Given data >>
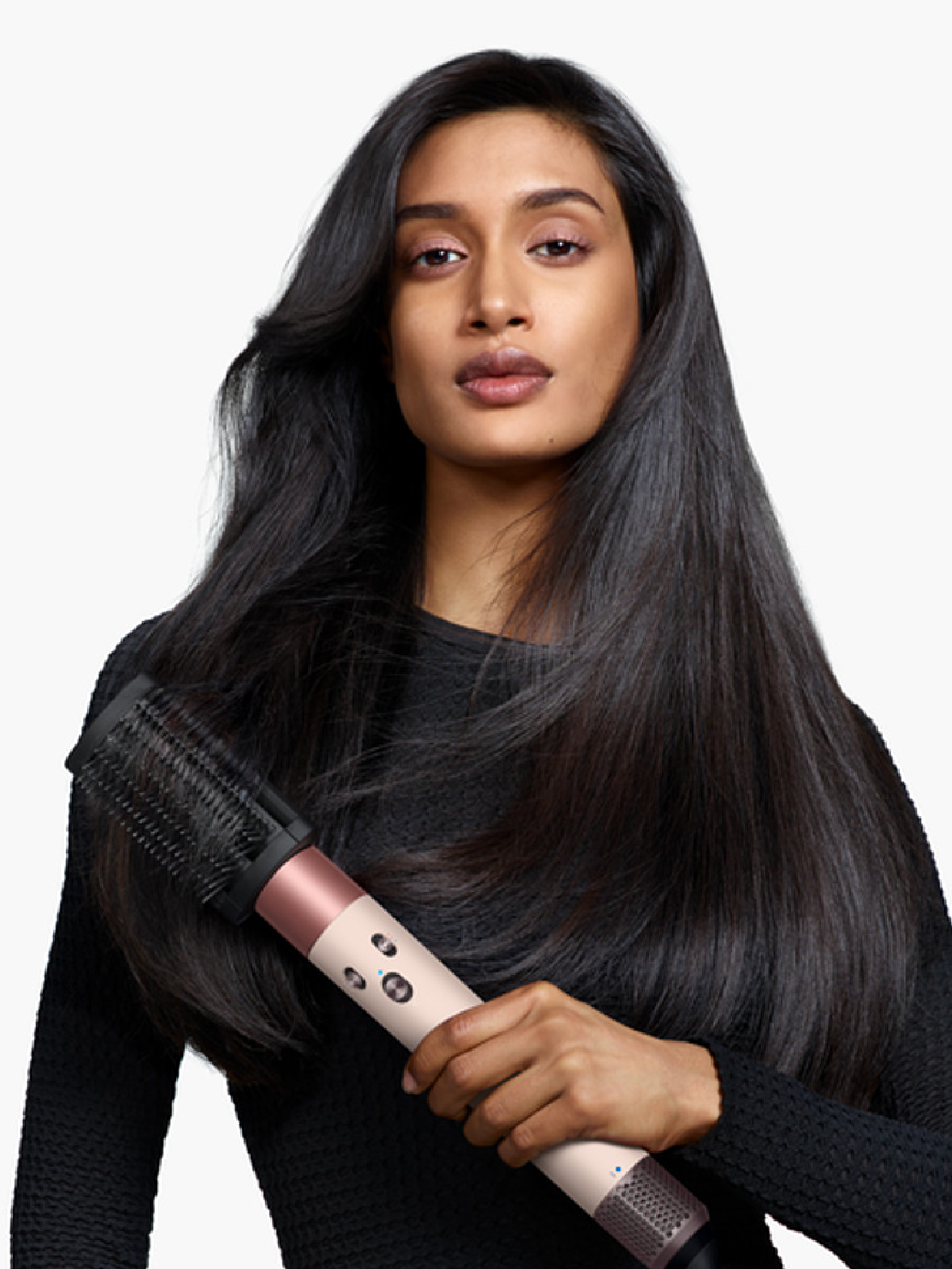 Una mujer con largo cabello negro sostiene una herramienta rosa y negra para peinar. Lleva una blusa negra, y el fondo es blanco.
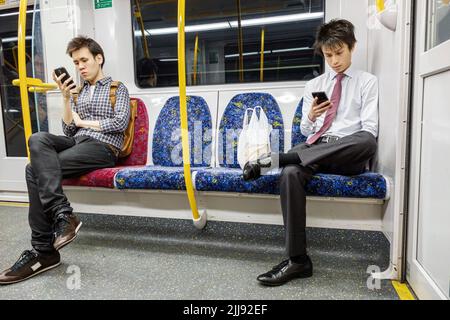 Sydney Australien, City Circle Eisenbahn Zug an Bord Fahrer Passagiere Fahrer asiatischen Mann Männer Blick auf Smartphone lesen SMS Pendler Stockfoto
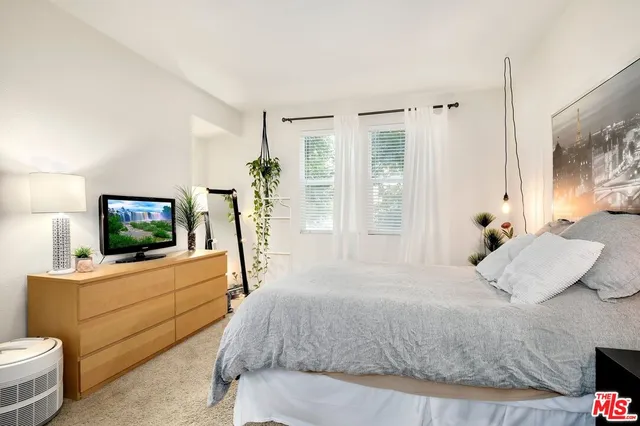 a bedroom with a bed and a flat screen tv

Exercise instructions >> The copy must start at the line containing "Sydney Australien, City" and stop at the last line of the listing, both included, with every line exact and no pictures.

Exercise solution >>
 Sydney Australien, City Circle Eisenbahn Zug an Bord Fahrer Passagiere Fahrer asiatischen Mann Männer Blick auf Smartphone lesen SMS Pendler Stockfoto
 a bedroom with a bed and a flat screen tv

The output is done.